AIM OF THE EXERCISE: Would it be possible to output exactly, and only, the lines below from the one holding "this 250×188 image." to the last line, both included, with every picture left out?

TASK INPUTS:
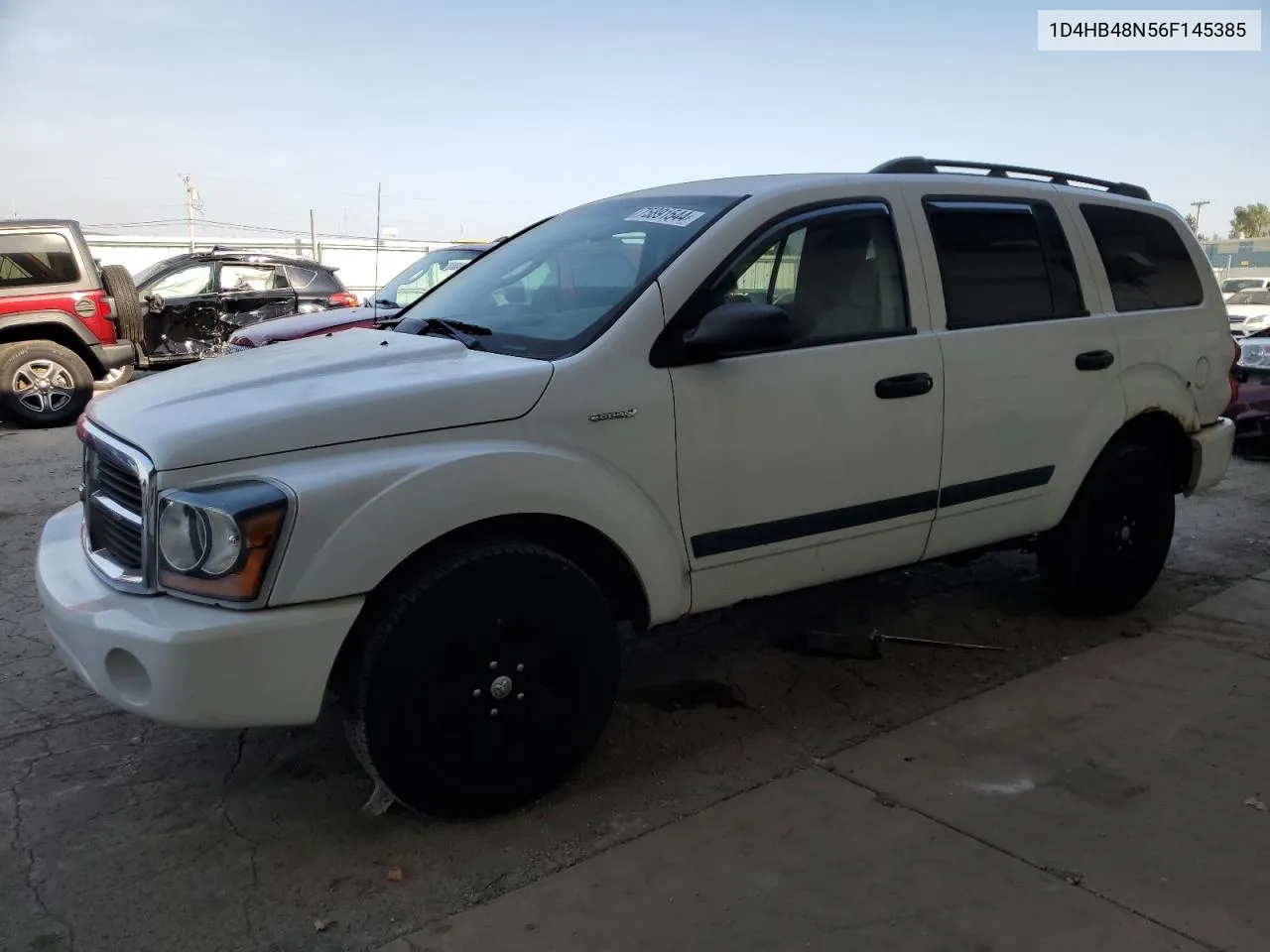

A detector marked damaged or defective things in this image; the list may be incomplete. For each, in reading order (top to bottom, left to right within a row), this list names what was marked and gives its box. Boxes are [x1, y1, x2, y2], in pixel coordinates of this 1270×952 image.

damaged vehicle [131, 249, 357, 373]
damaged vehicle [1230, 331, 1270, 458]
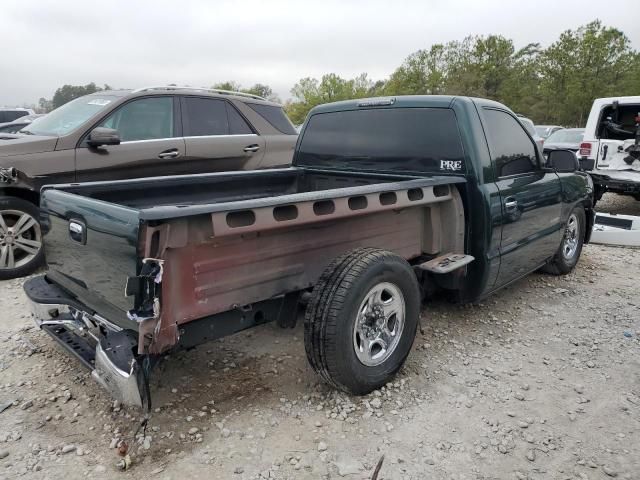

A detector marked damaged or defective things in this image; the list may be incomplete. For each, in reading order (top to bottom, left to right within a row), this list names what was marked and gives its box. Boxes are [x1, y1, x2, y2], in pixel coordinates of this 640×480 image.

damaged rear bumper [24, 276, 145, 406]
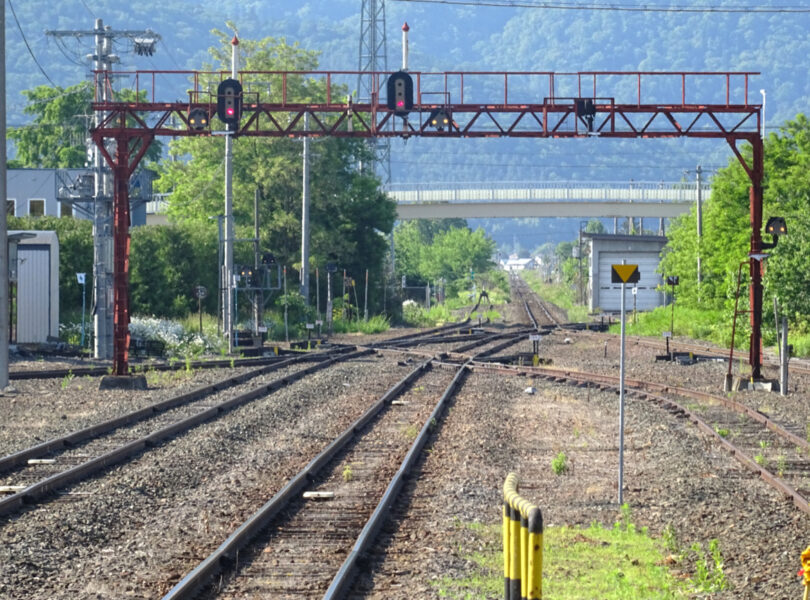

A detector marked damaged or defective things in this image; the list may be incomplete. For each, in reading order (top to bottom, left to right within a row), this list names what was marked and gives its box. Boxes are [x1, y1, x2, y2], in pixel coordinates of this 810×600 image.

rusty metal structure [91, 70, 760, 378]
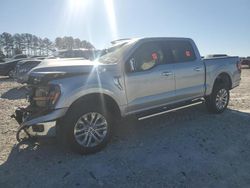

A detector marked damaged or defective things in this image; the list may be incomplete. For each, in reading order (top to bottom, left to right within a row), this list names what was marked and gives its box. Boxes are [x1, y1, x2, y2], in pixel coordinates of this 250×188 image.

exposed headlight housing [32, 84, 60, 108]
damaged front bumper [12, 106, 68, 142]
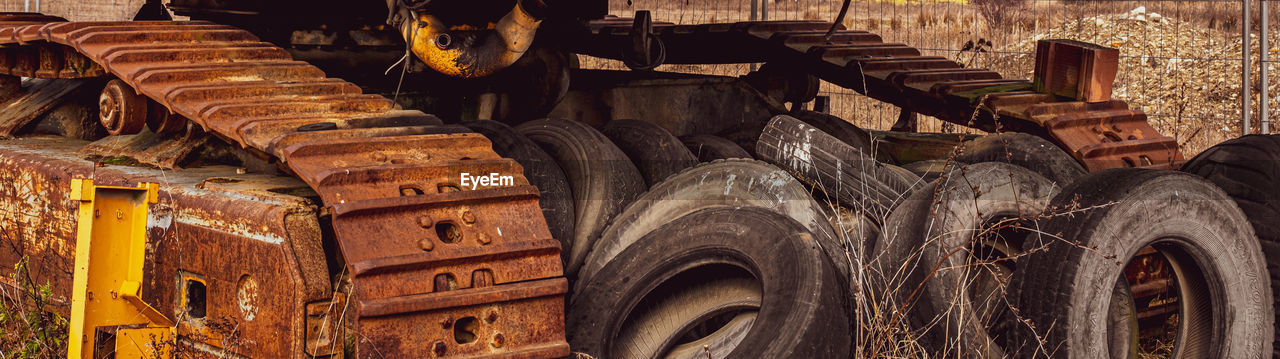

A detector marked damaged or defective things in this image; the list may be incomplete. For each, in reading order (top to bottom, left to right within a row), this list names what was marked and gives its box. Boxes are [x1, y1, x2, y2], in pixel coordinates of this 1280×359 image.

RESULT OF THE EXERCISE:
A detector marked damaged or defective things in this image; the list may be incomplete. For each, in reading order (top to bottom, left to right within a row), this list names what was marked and gives its box. Boxes are [x1, y1, x2, y2], in pixel coordinates of this 250×188 image.

exposed headlight housing [32, 84, 60, 108]
damaged front bumper [12, 106, 68, 142]

A detector marked damaged or defective things in this image; the list may be incomplete. For each, in reading order (top to bottom, left to right within a row), this list names what was marked and gives its box. Boxes are [x1, y1, x2, y2], in pixel coordinates of this 1280×359 image.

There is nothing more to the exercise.